The magic wasn’t originality. It was adaptation. Tim pulled ideas from B2C spaces and made them his own inside B2B.
Takeaway: Don’t wait for inspiration to strike. Borrow from other platforms and adapt it to your audience.
Video requires planning
If Tim’s videos look casual, that’s because he hides the prep work. Behind the scenes, he keeps a giant backlog of ideas in Apple Notes.
“I’ll flesh it out with bullet points, maybe write a small script, then figure out what type of video it should be,” he explained.
Formats range from fruit-cutting POVs to screen-share explainers to skits where he plays both marketer and salesperson. Recording is just the start.
“I know I’ll have to rerecord because while I’m editing I’ll realize I forgot something or could say it better. So I’ll put the shirt back on, set the board back up, and reshoot.”
One video might take an hour, another five, but the process ensures the ideas land.
Takeaway: Good video isn’t spontaneous. Capture ideas, script lightly, and expect to reshoot.
LinkedIn Ads: an antidote to falling reach
Tim has felt what every creator has noticed: reach is dropping.

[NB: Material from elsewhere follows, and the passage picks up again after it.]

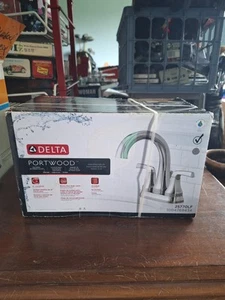 Delta 25770LF-SP Portwood 4” Centerset 2-Handle Bathroom Faucet Silver - Picture 1 of 4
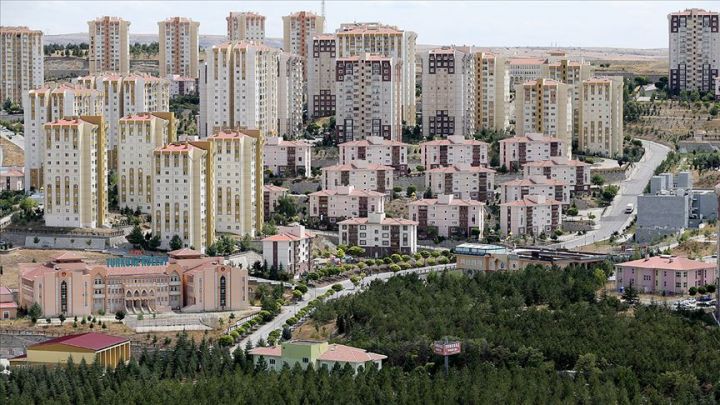 Azərbaycanlılar 2 ayda bu ölkədə 145 mənzil alıb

“On one hand, it sucks. On the other hand, it’s been free for a long time.”
Instead of giving up, he suggests considering LinkedIn Ads.
He favors thought leader ads, which take your organic posts and put paid spend behind them.
“It looks the same as your post, but it gets in front of the exact people you want.”
For anyone testing, he suggests starting with $1,000 to $1,500 a month for at least 30 days. That’s enough to see early signals, whether through clicks, comments, or view-through conversions.
“If you’re already seeing business from your organic content, it’s a no brainer,” he said.
Takeaway: If organic is working, fuel it with ads. Start small, target precisely, and measure view-through conversions.
Create a lot of content
Tim’s output is steady: around 5-7 posts a week.
That cadence gave him the clearest signals about what landed. One week a post might spark comments from target accounts, another week the same idea phrased differently might barely register. By posting often, he didn’t have to guess. He let the audience do the testing for him.
When he’s busy, up 1-2 times a week he’ll recycle old content.
“It’s not completely recycled, but it’s probably very similar. Just reworded or updated,” he said.
Takeaway: Frequency is its own teacher. Publish often enough, and your audience will tell you what works.
Be Consistent
For years, Tim couldn’t stick with LinkedIn.
“I tried like three times. I’d do a month, didn’t see traction, and just quit,” he admitted.
The breakthrough came in 2021, when he stopped quitting. He kept posting daily, even when it felt small. Then the DMs started.
“A PM at Gong messaged me because of a post I made on conversation ads. To me, that was so cool. I was just a PPC specialist, but someone at a company I looked up to wanted my advice,” he recalled.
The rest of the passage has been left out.